Unsupervised Learning using Bayesian Mixture Models

The following tutorial illustrates the use of Turing for clustering data using a Bayesian mixture model. The aim of this task is to infer a latent grouping (hidden structure) from unlabelled data.

Synthetic Data

We generate a synthetic dataset of $N = 60$ two-dimensional points $x_i \in \mathbb{R}^2$ drawn from a Gaussian mixture model. For simplicity, we use $K = 2$ clusters with

equal weights, i.e., we use mixture weights $w = [0.5, 0.5]$, and
isotropic Gaussian distributions of the points in each cluster.
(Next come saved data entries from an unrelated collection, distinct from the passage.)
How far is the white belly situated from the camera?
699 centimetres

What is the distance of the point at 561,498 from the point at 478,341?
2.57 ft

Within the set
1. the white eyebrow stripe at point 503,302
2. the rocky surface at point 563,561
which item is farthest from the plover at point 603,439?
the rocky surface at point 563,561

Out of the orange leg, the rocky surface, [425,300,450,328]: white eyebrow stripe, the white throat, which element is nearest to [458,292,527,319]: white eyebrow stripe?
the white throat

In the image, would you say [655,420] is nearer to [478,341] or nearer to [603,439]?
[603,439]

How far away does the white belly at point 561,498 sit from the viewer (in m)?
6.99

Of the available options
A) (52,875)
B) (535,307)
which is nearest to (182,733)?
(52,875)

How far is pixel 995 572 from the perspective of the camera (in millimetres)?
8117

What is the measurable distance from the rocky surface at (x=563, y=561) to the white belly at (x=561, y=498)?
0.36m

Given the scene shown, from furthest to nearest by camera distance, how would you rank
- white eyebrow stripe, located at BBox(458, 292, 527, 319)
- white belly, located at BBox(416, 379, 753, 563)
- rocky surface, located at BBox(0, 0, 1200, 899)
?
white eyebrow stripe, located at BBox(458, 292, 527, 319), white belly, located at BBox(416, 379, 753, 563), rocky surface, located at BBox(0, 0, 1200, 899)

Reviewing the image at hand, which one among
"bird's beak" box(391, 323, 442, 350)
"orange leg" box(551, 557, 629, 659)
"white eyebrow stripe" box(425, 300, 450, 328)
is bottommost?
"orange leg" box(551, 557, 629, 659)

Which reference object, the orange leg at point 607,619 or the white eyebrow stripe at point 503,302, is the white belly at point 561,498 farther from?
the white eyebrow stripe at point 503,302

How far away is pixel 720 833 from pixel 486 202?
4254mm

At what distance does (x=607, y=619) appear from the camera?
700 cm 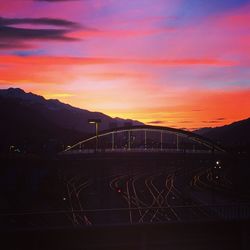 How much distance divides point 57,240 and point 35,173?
68.2m

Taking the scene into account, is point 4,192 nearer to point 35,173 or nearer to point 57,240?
point 35,173

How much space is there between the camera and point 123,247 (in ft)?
72.9

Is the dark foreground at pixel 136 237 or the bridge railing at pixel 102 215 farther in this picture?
the bridge railing at pixel 102 215

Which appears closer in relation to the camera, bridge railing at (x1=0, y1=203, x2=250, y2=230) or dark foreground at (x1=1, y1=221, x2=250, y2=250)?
dark foreground at (x1=1, y1=221, x2=250, y2=250)

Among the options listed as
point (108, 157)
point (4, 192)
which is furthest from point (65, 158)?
point (4, 192)

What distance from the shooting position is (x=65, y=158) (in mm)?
98812

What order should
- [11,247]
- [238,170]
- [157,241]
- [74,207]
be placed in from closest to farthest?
[11,247], [157,241], [74,207], [238,170]

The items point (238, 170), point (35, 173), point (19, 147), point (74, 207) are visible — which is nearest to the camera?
point (74, 207)

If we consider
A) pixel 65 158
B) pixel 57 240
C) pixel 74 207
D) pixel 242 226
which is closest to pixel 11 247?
pixel 57 240

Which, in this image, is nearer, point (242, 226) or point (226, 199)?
point (242, 226)

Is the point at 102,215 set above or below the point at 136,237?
A: below

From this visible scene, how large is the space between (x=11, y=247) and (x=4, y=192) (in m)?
49.6

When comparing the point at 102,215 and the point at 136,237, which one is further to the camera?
the point at 102,215

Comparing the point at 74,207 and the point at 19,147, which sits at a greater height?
the point at 19,147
More concretely, we use the Gaussian distributions $\mathcal{N}([\mu_k, \mu_k]^\mathsf{T}, I)$ with parameters $\mu_1 = -3.5$ and $\mu_2 = 0.5$.

using Distributions
using FillArrays
using StatsPlots

using LinearAlgebra
using Random

# Set a random seed.
Random.seed!(3)

# Define Gaussian mixture model.
w = [0.5, 0.5]
μ = [-3.5, 0.5]
mixturemodel = MixtureModel([MvNormal(Fill(μₖ, 2), I) for μₖ in μ], w)

# We draw the data points.
N = 60
x = rand(mixturemodel, N);

The following plot shows the dataset.

scatter(x[1, :], x[2, :]; legend=false, title="Synthetic Dataset")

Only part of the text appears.